Write out exactly the lines from the one with "The ToplineX dashboard: sending, replies, interested" through the last line of the data below, but not the pictures.
** EXERCISE DATA follows **
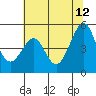Point Isabel tide chart for Monday, June 12, 2023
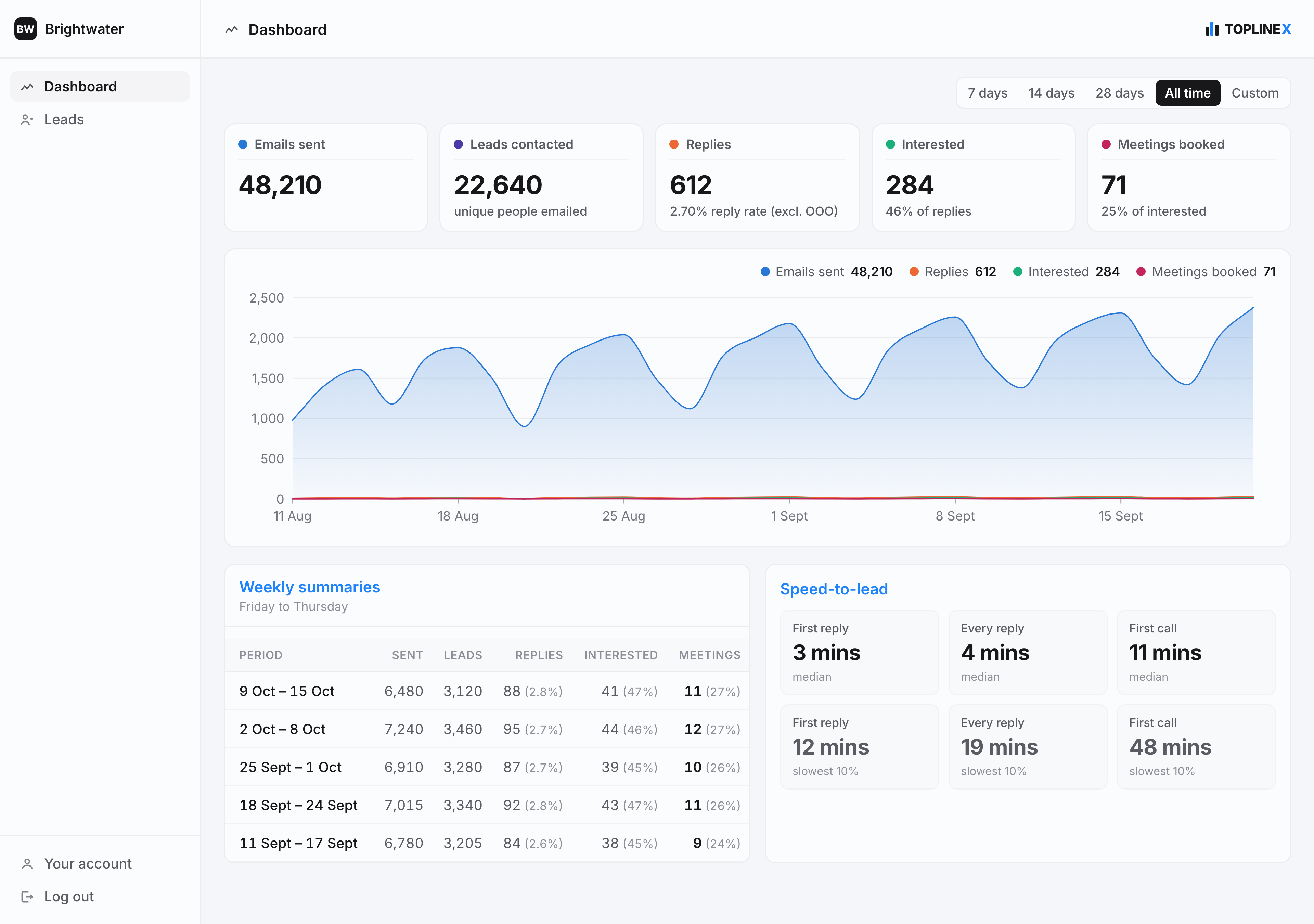 The ToplineX dashboard: sending, replies, interested leads and meetings booked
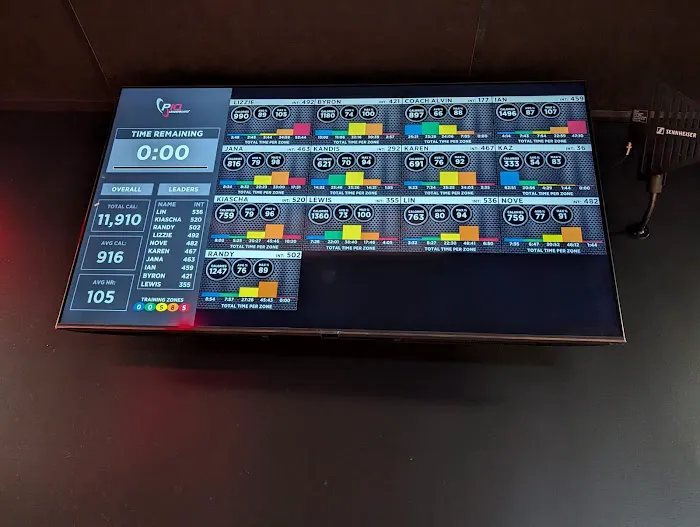 Mayweather Boxing + Fitness Picture 5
** End of EXERCISE DATA **
ANSWER SPACE:
 The ToplineX dashboard: sending, replies, interested leads and meetings booked
 Mayweather Boxing + Fitness Picture 5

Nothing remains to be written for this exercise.